- Conference: Independent
- Record: 7–13
- Head coach: J. Wilder Tasker (1st season);

= 1923–24 William & Mary Indians men's basketball team =

American college basketball season

The 1923–24 William & Mary Indians men's basketball team represented the College of William & Mary in intercollegiate basketball during the 1923–24 season. Under the first year of head coach J. Wilder Tasker (who concurrently served as the head football coach), the team finished the season with a 7–13 record. This was the 19th season of the collegiate basketball program at William & Mary, whose nickname is now the Tribe.

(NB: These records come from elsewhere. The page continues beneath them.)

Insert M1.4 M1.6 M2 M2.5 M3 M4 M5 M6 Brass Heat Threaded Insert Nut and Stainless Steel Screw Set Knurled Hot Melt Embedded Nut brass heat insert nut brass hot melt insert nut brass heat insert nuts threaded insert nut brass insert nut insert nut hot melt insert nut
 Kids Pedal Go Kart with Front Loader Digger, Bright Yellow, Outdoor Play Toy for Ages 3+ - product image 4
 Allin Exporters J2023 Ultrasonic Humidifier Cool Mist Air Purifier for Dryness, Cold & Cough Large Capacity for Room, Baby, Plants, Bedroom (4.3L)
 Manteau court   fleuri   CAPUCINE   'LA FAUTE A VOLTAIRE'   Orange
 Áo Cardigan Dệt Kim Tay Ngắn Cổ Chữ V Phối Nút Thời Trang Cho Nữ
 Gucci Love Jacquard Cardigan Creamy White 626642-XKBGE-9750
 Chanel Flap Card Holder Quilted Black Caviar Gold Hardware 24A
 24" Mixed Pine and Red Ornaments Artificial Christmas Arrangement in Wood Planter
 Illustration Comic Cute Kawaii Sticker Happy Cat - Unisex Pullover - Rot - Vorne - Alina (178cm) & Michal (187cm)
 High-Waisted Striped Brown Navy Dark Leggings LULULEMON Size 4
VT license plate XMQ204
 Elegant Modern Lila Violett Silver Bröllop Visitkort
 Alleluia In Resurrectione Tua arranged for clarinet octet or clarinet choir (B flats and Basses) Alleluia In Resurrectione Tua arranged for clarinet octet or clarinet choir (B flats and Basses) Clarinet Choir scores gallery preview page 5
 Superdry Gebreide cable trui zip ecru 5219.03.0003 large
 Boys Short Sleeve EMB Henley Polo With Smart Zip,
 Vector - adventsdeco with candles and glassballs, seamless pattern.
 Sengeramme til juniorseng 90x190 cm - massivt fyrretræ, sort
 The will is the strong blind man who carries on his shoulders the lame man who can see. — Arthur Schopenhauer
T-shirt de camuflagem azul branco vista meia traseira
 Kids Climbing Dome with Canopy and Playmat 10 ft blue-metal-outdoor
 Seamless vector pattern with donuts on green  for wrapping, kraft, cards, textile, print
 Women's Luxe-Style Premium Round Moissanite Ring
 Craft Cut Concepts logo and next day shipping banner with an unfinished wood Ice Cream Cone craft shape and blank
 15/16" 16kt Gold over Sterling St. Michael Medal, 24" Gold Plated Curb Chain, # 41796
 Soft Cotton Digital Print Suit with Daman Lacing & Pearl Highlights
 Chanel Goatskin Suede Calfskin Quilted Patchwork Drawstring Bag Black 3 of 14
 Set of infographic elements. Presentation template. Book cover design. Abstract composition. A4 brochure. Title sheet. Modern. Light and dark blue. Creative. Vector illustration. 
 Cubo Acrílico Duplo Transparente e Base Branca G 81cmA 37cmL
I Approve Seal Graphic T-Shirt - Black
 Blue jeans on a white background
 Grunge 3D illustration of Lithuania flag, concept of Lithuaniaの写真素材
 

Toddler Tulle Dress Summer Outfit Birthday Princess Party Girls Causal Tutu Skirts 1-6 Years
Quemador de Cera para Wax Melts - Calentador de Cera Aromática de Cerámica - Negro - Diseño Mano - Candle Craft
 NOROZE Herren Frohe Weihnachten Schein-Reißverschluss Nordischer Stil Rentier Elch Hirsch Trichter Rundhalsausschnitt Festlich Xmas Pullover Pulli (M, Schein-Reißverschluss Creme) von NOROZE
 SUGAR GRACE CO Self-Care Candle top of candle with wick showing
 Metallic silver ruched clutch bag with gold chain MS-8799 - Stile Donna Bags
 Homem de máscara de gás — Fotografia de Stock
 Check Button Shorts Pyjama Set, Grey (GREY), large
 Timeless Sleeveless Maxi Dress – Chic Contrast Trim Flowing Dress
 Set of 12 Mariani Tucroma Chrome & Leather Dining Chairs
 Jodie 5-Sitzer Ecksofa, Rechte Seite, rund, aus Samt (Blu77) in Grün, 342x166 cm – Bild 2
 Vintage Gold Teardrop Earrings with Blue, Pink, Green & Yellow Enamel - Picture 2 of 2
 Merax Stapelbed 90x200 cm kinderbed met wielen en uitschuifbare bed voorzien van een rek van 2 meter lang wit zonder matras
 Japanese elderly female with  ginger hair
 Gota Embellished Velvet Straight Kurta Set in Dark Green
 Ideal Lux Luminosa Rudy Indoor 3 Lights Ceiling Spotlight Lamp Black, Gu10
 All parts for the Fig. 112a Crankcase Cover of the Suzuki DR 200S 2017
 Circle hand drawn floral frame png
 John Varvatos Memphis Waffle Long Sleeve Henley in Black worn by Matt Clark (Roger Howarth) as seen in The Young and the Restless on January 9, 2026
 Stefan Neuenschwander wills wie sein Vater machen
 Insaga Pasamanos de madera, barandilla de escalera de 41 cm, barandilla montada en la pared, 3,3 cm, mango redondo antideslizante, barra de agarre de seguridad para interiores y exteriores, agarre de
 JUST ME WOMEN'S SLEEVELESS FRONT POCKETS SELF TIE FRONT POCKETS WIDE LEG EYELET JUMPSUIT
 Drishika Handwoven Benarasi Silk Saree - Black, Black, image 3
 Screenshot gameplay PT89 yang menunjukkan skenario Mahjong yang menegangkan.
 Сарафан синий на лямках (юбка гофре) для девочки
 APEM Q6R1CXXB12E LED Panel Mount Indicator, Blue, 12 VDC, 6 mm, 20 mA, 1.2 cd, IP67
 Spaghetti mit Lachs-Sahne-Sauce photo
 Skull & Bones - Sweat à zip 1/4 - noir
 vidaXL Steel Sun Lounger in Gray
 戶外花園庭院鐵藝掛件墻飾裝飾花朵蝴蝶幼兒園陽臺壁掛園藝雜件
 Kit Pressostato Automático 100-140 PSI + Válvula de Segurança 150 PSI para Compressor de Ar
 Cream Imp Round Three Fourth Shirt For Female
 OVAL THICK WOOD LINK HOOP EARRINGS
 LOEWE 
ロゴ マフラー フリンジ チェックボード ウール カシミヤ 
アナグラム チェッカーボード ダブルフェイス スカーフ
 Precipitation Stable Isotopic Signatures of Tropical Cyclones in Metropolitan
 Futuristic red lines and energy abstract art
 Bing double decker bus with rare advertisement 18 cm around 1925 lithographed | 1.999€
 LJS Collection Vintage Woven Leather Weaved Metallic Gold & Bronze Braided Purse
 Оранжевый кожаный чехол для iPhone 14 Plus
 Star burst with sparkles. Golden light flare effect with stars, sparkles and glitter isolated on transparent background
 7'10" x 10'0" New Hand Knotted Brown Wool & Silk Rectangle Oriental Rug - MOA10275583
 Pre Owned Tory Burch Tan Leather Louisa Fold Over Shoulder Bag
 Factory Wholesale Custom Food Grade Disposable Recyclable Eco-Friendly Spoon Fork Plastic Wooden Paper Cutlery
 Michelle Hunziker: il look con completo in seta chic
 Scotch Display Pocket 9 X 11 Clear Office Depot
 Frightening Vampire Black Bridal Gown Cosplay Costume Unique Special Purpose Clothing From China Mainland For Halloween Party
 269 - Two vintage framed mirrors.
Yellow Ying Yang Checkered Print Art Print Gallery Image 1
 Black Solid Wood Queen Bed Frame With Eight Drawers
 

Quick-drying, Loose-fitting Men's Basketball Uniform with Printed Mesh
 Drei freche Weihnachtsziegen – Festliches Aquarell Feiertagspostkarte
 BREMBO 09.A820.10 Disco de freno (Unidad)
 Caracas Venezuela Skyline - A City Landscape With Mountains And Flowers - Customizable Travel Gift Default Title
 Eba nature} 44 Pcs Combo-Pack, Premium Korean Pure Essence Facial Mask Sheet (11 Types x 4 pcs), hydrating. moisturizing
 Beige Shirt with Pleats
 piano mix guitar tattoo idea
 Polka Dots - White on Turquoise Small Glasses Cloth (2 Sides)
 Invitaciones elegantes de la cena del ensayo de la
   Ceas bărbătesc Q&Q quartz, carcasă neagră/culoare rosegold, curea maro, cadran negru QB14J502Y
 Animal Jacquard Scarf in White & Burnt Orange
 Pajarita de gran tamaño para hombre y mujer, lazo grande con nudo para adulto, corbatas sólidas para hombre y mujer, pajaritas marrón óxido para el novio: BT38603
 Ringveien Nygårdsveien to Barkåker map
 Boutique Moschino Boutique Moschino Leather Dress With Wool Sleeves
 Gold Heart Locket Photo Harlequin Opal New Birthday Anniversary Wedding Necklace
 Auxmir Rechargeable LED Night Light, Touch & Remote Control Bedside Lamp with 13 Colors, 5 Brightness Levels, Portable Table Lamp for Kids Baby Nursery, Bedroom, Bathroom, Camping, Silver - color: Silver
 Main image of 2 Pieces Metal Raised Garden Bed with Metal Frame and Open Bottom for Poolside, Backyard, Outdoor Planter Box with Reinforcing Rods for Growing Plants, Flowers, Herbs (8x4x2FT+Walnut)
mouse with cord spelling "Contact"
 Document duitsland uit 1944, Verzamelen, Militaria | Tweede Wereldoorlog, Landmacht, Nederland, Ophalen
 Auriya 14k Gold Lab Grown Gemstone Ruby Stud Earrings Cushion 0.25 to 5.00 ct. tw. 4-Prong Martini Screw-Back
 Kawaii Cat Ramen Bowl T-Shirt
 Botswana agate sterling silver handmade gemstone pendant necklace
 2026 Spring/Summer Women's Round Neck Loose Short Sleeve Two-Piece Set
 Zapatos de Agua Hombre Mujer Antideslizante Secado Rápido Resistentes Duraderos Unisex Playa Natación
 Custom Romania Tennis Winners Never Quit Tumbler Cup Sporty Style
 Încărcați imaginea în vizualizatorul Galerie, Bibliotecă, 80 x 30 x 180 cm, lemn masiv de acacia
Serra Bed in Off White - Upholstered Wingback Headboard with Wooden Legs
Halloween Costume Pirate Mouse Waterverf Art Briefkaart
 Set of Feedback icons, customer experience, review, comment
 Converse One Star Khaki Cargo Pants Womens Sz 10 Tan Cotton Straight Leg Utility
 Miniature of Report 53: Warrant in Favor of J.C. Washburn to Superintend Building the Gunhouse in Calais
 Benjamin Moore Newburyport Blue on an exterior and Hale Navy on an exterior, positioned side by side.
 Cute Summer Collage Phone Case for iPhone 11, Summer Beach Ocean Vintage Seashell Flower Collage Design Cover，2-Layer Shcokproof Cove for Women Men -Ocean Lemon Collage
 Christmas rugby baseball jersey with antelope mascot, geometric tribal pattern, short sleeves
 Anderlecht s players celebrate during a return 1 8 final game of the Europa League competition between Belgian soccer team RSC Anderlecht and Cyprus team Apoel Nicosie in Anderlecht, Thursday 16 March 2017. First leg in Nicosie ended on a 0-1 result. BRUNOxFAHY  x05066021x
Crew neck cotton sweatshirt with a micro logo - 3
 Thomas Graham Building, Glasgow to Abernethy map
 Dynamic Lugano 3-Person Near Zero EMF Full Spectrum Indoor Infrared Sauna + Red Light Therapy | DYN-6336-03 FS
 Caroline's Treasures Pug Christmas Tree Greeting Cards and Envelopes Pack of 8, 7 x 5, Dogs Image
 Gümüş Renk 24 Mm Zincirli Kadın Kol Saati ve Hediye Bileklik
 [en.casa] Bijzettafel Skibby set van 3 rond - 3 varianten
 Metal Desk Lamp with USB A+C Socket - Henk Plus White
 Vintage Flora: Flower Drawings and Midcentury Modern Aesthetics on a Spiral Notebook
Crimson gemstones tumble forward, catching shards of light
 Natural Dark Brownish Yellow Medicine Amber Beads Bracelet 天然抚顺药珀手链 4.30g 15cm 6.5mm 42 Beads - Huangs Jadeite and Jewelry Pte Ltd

The team played as an independent; William & Mary did not join the Southern Conference until 1936. Furthermore, this was William & Mary's first twenty-game season.

==Schedule==

| Date time, TV | Rank^{#} | Opponent^{#} | Result | Record | Site city, state |
Regular season
| * |  | Fort Eustis | W 31–7 | 1–0 | Williamsburg, VA |
| * |  | Newport News YMCA | W 29–15 | 2–0 | Williamsburg, VA |
| * |  | Medical College of Virginia | W 25–13 | 3–0 | Williamsburg, VA |
| * |  | Randolph–Macon | W 47–15 | 4–0 | Williamsburg, VA |
| * |  | Wake Forest | L 28–30 | 4–1 | Williamsburg, VA |
| * |  | Union Theological Seminary | L 24–26 | 4–2 | Williamsburg, VA |
| * |  | Richmond Blues | L 38–43 | 4–3 | Williamsburg, VA |
| * |  | Virginia | W 25–22 | 5–3 | Williamsburg, VA |
| * |  | at Richmond | L 20–32 | 5–4 | Millhiser Gymnasium Richmond, VA |
| * |  | at VMI | L 20–38 | 5–5 | Lexington, VA |
| * |  | at Washington & Lee | L 16–39 | 5–6 | Lexington, VA |
| * |  | at VPI | L 29–30 | 5–7 | Blacksburg, VA |
| * |  | at Roanoke College | L 27–47 | 5–8 | Roanoke, VA |
| * |  | at Lynchburg College | L 27–29 | 5–9 | Lynchburg, VA |
| * |  | at Norfolk Naval Base | W 25–18 | 6–9 | Norfolk, VA |
| * |  | Wake Forest | L 30–38 | 6–10 | Williamsburg, VA |
| * |  | at Guilford College | L 31–35 | 6–11 | Greensboro, NC |
| * |  | at Elon College | W 25–10 | 7–11 | Elon, NC |
| * |  | at Greensboro YMCA | L 30–39 | 7–12 | Greensboro, NC |
| * |  | at North Carolina | L 16–54 | 7–13 | Bynum Gymnasium Chapel Hill, NC |
*Non-conference game. ^{#}Rankings from AP Poll. (#) Tournament seedings in parentheses.